Der „Pate von der Saar“

  Die Ereignisse rund um die geplante Feldkirchner Seniorenresidenz sind bis in die Nebenrollen prominent besetzt. Letzter Protagonist: Hartmut Ostermann. Der bald 70-Jährige ist seit Jahrzehnten einer der großen Player im Geschäft mit Senioren und Gründer der Victors Group, einer der größten privaten Bau- und Betreibergesellschaften von Altenheimen in Deutschland mit mehr als 120 Einrichtungen und über 12 000 Beschäftigten. Das Unternehmen mit Sitz in Saarbrücken wird als möglicher Betreiber des geplanten Seniorenheims gehandelt. Im März 2021 wurde Falk Ostermann, der Sohn von Firmen-Patriarch Hartmut Ostermann, bereits im Feldkirchner Gemeinderat gesehen, als Geschäftsführer der Victors-Tochtergesellschaft SenVital. 

  Auch Ostermann Senior ist in der Vergangenheit mit politischen Verflechtungen aufgefallen. Bekannt ist Ostermann, der selbst FDP-Mitglied ist, im Saarland für seine umfangreichen Spenden an verschiedene Parteien. So spendete er auch an die Grünen und gilt als Architekt der ersten Jamaika-Koalition im Saarland. „Onkel Hartmut“ wie er sich selber nennt, wird auch als „Pate von der Saar“ bezeichnet. Seit 2013 ist Ostermann zum zweiten Mal Präsident des 1.FC Saarbrücken, seine Victors Group ist gleichzeitig Hauptsponsor des Vereins. Mehrere Pleiten und Steuerverfahren, selbst einen Untersuchungsausschuss des Saarländischen Landtags überstand er unbeschadet. Mietverträge wurden verlängert, Steuern nachgezahlt, Verfahren eingestellt. Der Untersuchungsausschuss blieb ergebnislos.

  Bevor Hartmut Ostermann sich an der Saar niederließ, war er in den Neunzigerjahren Vorsitzender der FDP in Vaterstetten. Dort betrieb er den Seniorenwohnpark. Dieser wird inzwischen von der Familie von Ostermanns ehemaligem Geschäftspartner Henning Conle betrieben – einem der größten AfD-Spender.

Der Kontakt zur Victors Group, erzählt Jürgen Seeber, sei zufällig entstanden – „auf dem Gang oder in der Tiefgarage“. Ein kleiner Verwaltungssitz der Unternehmensgruppe liegt durch Zufall Tür an Tür mit Seebers Kanzlei in Unterschleißheim.

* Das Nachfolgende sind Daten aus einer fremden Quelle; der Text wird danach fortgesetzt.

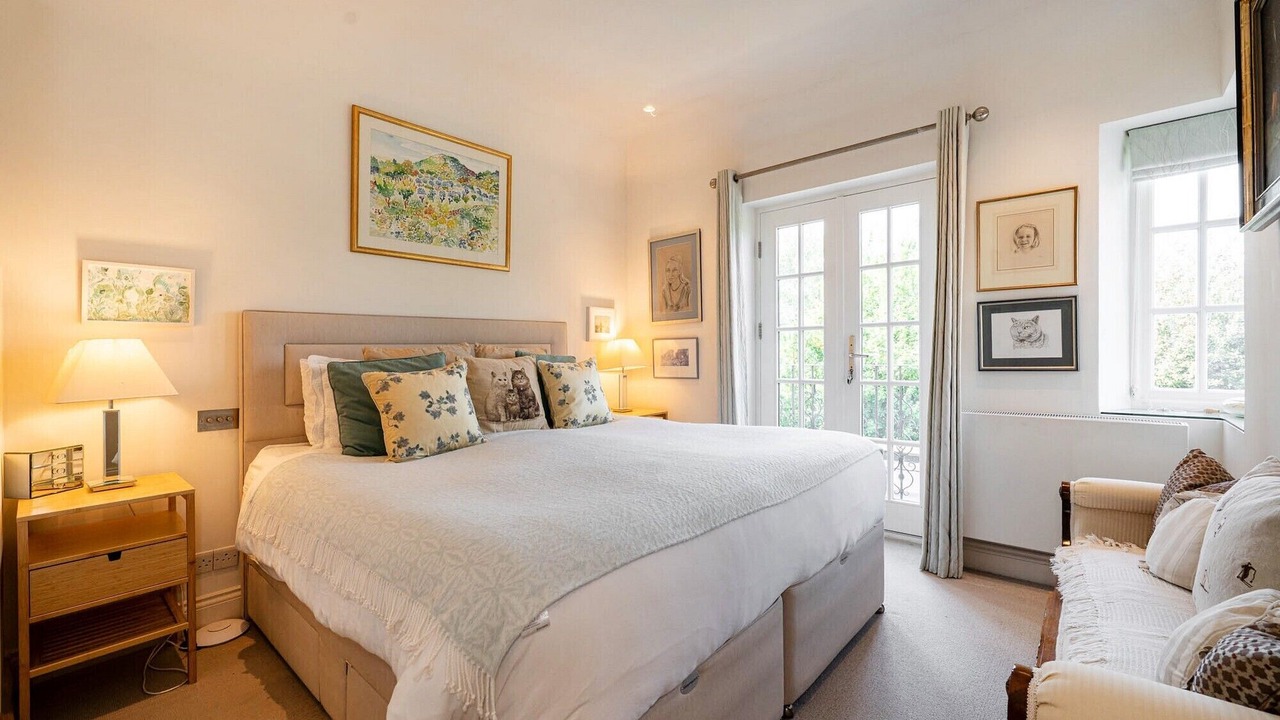 Photo of Bedroom in Wandsworth Common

  Alles fügt sich wie ein Puzzle zusammen: die alten Freunde, die zusammen investieren wollen; ihr Plan, ein Seniorenheim zu errichten; der Wunsch des Bürgermeisters, etwas für die Senioren im Feldkirchen zu tun; die alte Schulkameradschaft zwischen Rathauschef und Investor; ein Büro der Victors Group im selben Haus wie Seebers Kanzlei.

Die Politik

  Es könnte der perfekte Zufall sein. Dass daran Zweifel bestehen, dürfte nicht zuletzt an der Verfahrensweise im Feldkirchner Rathaus liegen. Mehrere Gemeinderäte bedauern, dass fast alle großen Bauprojekte unter Ausschluss der Öffentlichkeit besprochen werden. Über den Inhalt der Beratungen in nichtöffentlicher Sitzung sind Gemeinderäte wiederum gesetzlich zum Schweigen verpflichtet. Damit würden Debatten der Öffentlichkeit entzogen.

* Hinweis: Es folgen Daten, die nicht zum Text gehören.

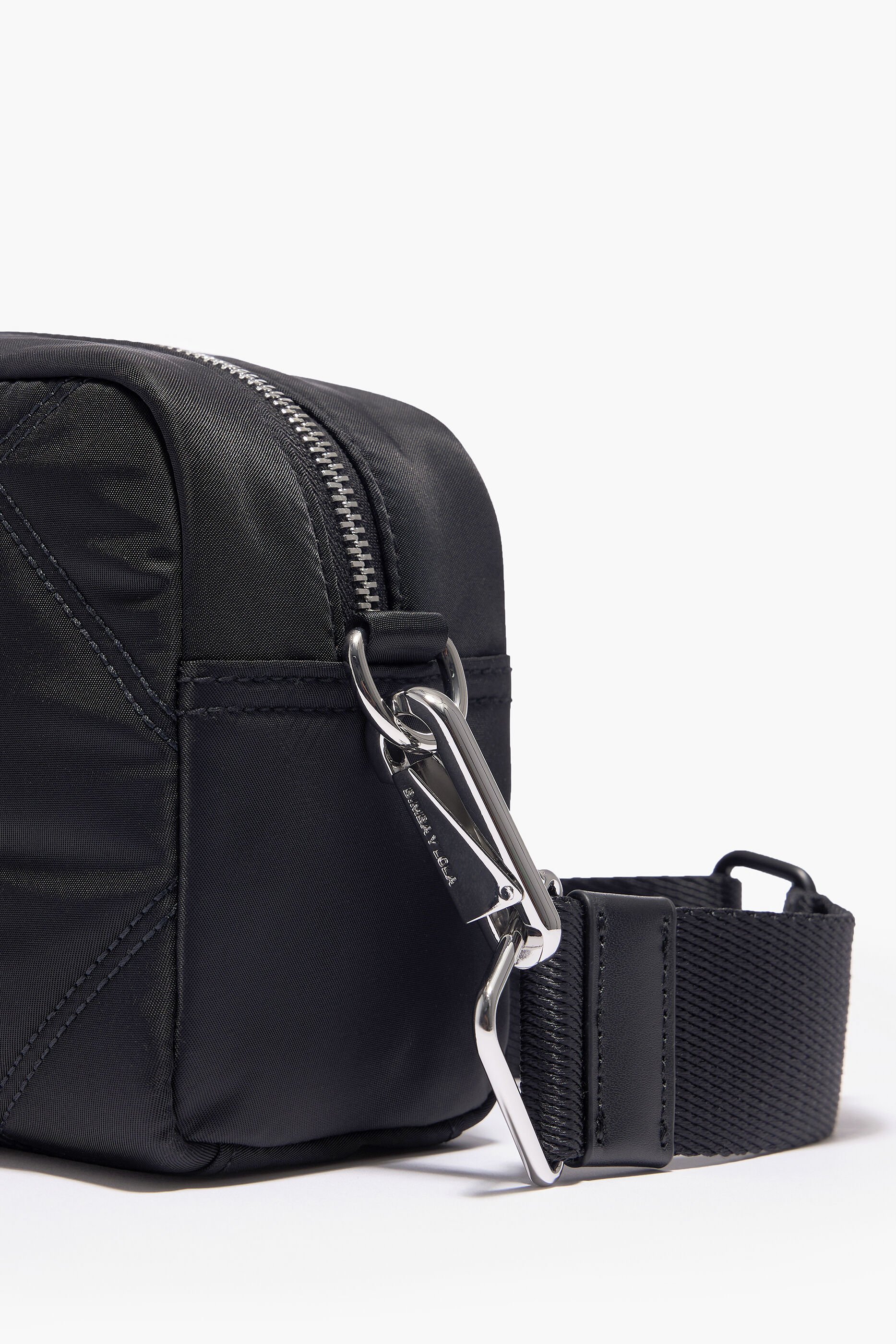 Bolsa de ombro pequena preta acolchoada em nylon.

Im Dezember brachte die SPD-Fraktion ein „Transparenzpaket“ in den Gemeinderat ein. Der Antrag sah vier verschiedene Maßnahmen für mehr Transparenz in Feldkirchen vor, darunter auch, dass die Gemeinde Mitglied der Organisation Transparency International werden soll. Heinz-Josef Reiser, der Geschäftsleiter im Rathaus, sah seine Integrität in Frage gestellt. SPD-Ortsvorsitzender Christian Wilhelm beschwichtigte, die Initiative sei „in keinster Weise ein Fingerzeig, wir wollen keinem etwas unterstellen“. 

  Bürgermeister Janson hat wenig Verständnis für das Misstrauen der Bevölkerung: „Die Leute denken immer, da sei vorher schon etwas ausgemacht, aber dem ist nicht so.“ Er hat ein Beratungsunternehmen damit beauftragt, die Bürger an den Planungen für das Seniorenheim an der Münchner Straße zu beteiligen. Das soll die hitzigen Debatten beruhigen.

  Die Frage aber wird bleiben: Wer wird am Ende profitieren? Der Ort und seine Einwohner? Oder eine Handvoll Investoren und Grundeigentümer?